An experimental stage director still finds a use for real actors. Jesurun reaffirms his fascination with live theater unenhanced by cinematic or electronic effects

``Shatterhand Massacree - Riderless Horse'' is the most purely theatrical show John Jesurun has presented here in quite a while. It's also the best - indicating that pure theatrics may be the true forte of this young mixed-media wizard. True, multimedia high jinks aren't altogether absent from the production. The scenery, a pair of curtains blowing in the breeze, is seen on TV monitors. Loud music punctuates the evening at key moments.

But the show's action is carried by five performers who appear in person, before our very eyes. While this is the norm for most plays, it's a change of pace for Jesurun, whose last few productions have systematically replaced live actors with prerecorded ones. ``Deep Sleep'' was a confrontation between two groups of characters, half of them live and half on film. ``White Water'' interspersed live and videotaped performers. ``Black Maria'' did away with live people altogether, surrounding its audience with images on huge movie screens.

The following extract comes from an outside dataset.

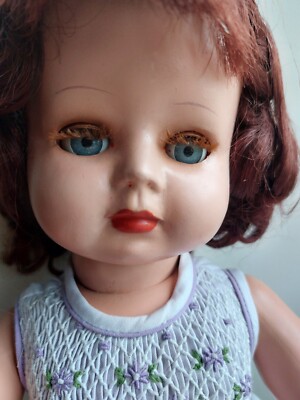 Poupée en porcelaine, JUMEAU | May & Associes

First performed almost three years ago, ``Shatterhand Massacree - Riderless Horse'' was devised before those productions.

By presenting its first major New York engagement now, as the opening attraction in the Kitchen's new season, Jesurun has chosen to reaffirm his fascination with live theater unenhanced by cinematic or electronic effects. This doesn't mean he's backing away from his experimental approach to stagecraft, though. His verbal, visual, and directorial ideas are at their most adventurous during the course of this brief evening.

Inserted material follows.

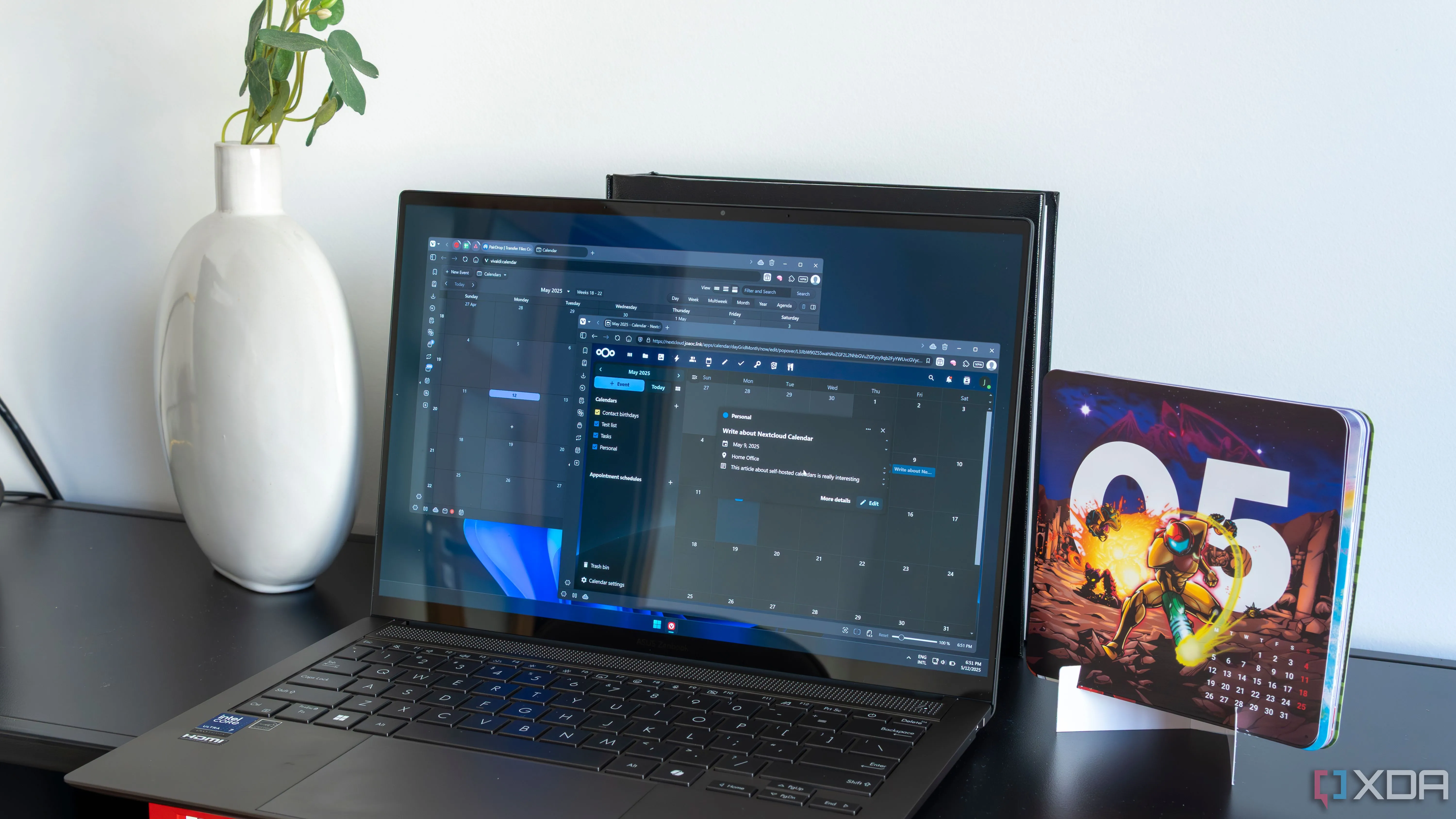 Màn hình laptop hiển thị lịch Nextcloud và Vivaldi, các giải pháp tự host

The story takes its cue from at least three sources. One is the myth of ``wild children'' lost by their parents and raised by animals during the American pioneer days. Another, used playfully, is the Alfred Hitchcock tradition of movie suspense. The third is Jesurun's view of Western civilization as a precariously glued-together affair perched on the barely buried bones of past chaos and injustice.

Two of the main characters are long-missing family members who return home, where they're accused of being wolves and participating in attacks on human beings. In a dreamlike and very Jesurun-like way, these wolves look like people and claim to be people, yet their behavior often sounds like that of birds or fish when it's discussed. All this suggests that they're not real creatures, but reflections of what Jesurun sees as a sadly confused and fearful American consciousness.

Sometimes facing each other across a bare table, other times pacing ferally about the starkly lit stage, the ``wolves'' and their accusers fling words and gestures at each other with a force that gains in savagery as the evening progresses.

Even when the dialogue is laugh-out-loud funny, it's impossible to lose sight of Jesurun's acerbic attitude toward human nature. This is tempered, however, by the possibility of redemption that he apparently sees in the family's capacity for regeneration - and in the capacity of his own words to restructure myth and meaning in newly revealing ways.